As the volume and velocity of data grows, so do the challenges of building fast data applications. The fast data stack is emerging across both verticals and industries alike for building applications that process these high velocity streams of data that quickly accumulate in a big data lake.
This new stack, the fast data stack, has a unique purpose: to grab real-time data and output recommendations, decisions and analyses in milliseconds. Over the next several years this emerging fast data stack will gain prominence and serve as a starting point for developers writing applications for streaming data.
An ACID-compliant operational database like VoltDB, in combination with message queues like Kafka or Kinesis for data ingestion and export, can process each incoming event or request as a discrete transaction for analytics, decisions and real-time action or interaction.
Fast Streaming Data use cases require a fast data stack that performs three major functions: ingest, analyze, and act.

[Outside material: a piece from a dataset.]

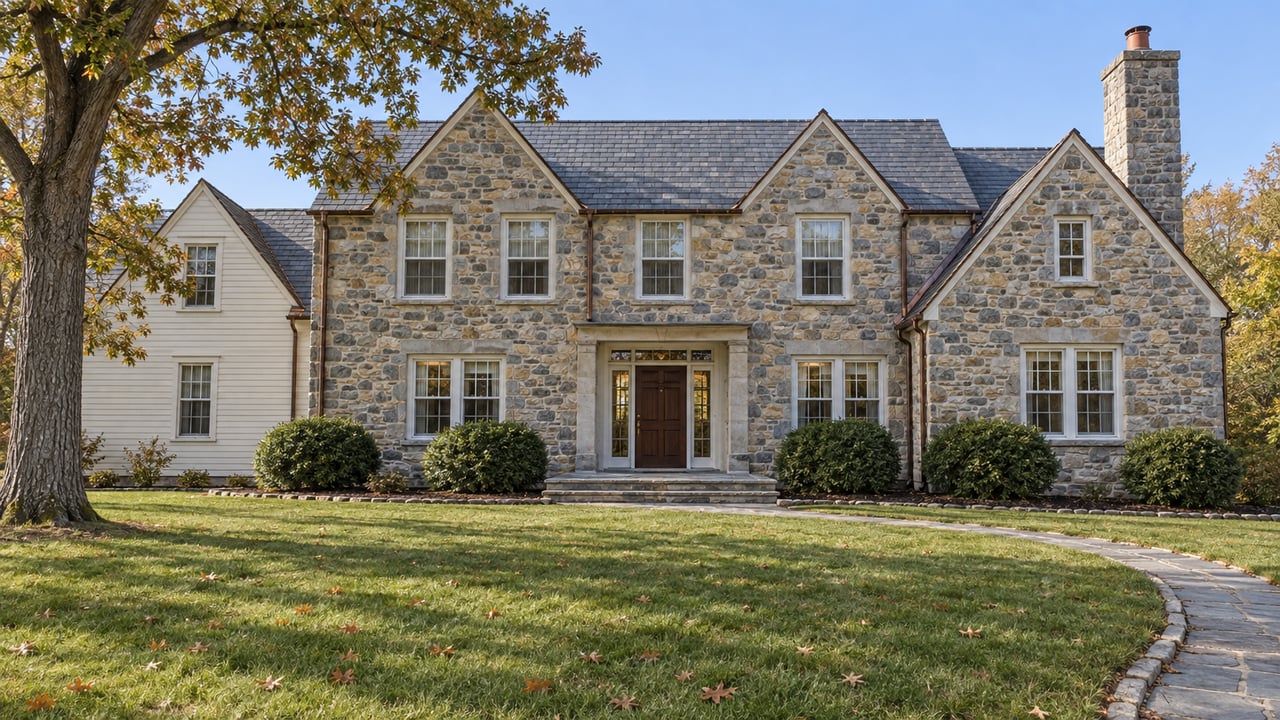 Stone and ivory clapboard home beyond a broad autumn lawn, with a mature white oak and a curved stone entry walk.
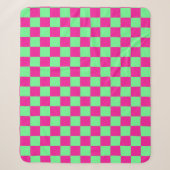 Roze en groen geruit drukwerk sherpa deken (Voorkant)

Data ingestion is the first stage in the fast data stack. The job of ingestion is to interface to inbound streaming data sources, and to accept and transform or normalize incoming data. Ingestion marks the first point at which data can be transacted against, applying key functions and processes to produce value from the data, including insight, intelligence, and action.

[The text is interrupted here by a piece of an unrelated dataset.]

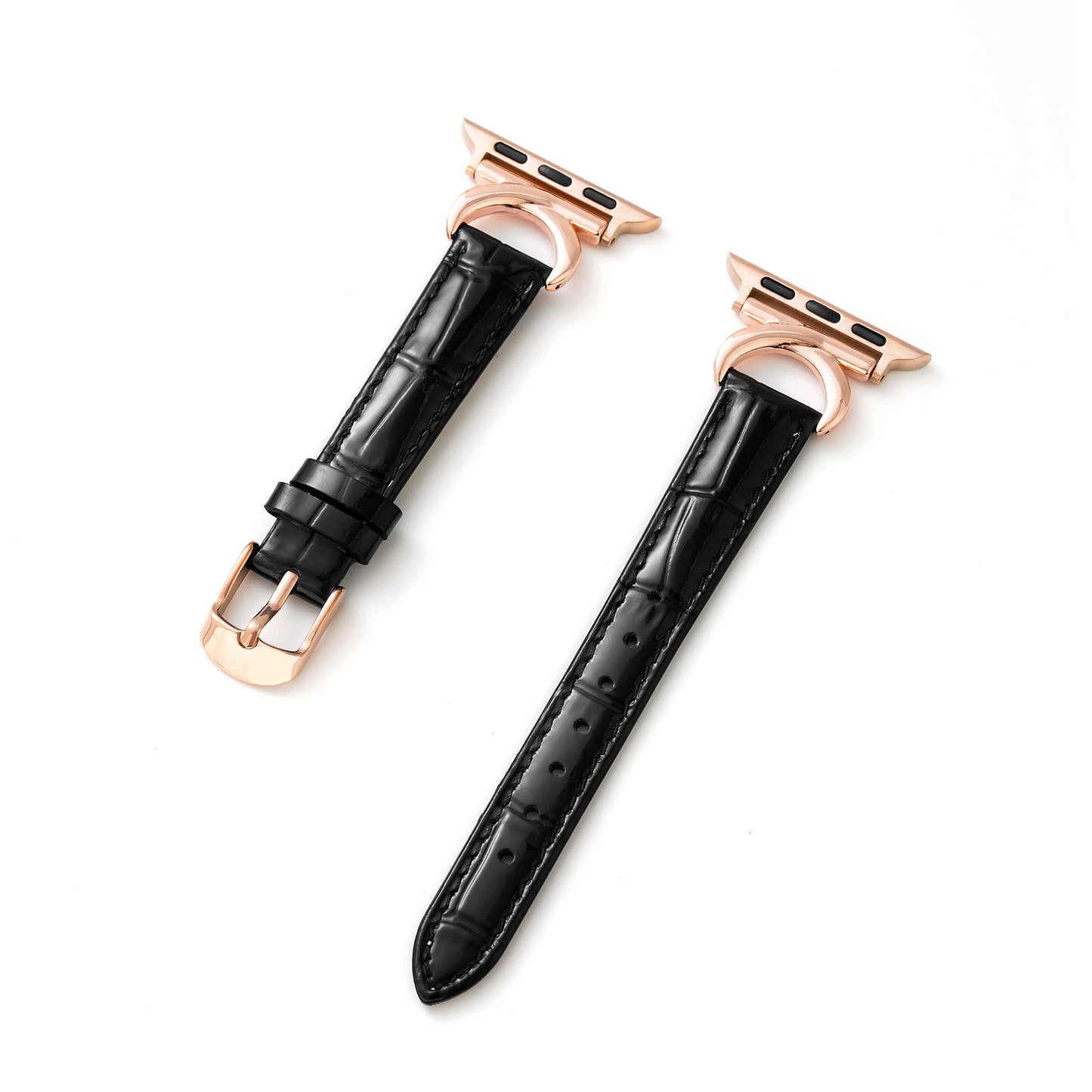 Premium Bamboo-Grain Patent Leather Watch Band for Apple Watch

As data is ingested, it is used by one or more analytic and decision engines to accomplish specific tasks on the streaming data. The challenge for the analysis and decision-making portion of the fast data stack is to keep pace with the velocity of the data stream. Streaming analytics need to consume high-velocity data while maintaining real-time analytics, in the form of counters, aggregations and leaderboards.

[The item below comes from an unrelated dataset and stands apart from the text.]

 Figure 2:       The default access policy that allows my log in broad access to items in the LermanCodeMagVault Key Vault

Real-time decisions are used to influence the next step of processing. Real-time decision engines are doing a lot of work, in that they consume the velocity of the data stream and at the same time are processing complex logic, all in time to complete the real-time decision feedback loop.
Unlike traditional databases, new in-memory OLTP databases like VoltDB can process streams of data and produce analyses and decisions in milliseconds. As a single integrated platform, the VoltDB in-memory OLTP database reduces the complexity of building fast data applications by eliminating the need to connect streaming systems and non-relational data stores, and also provides a familiar, proven interaction model (SQL), simplifying application development and capturing real-time analytics using industry standard SQL-based tools.
One action many companies take with the data is to send it to a long-term data storage platform, whether a data lake or a data warehouse, where it can be explored along with all the other historical data once fast data analytics are completed. Whether enterprises use Vertica, Teradata or Hadoop – maybe with Spark – they want to use that large dataset to help them with business insights. Data exported from the fast data pipeline can be used to build new models or refine existing insights; those models can then be applied to the fast data engine for execution against newly-arriving streams of data.
VoltDB is a unique combination of a fast in-memory OLTP database that supports multi-source ingestion and multi-target export to perform analytics on incoming streams of data, while also managing large volumes of transactions on live data, all in real time.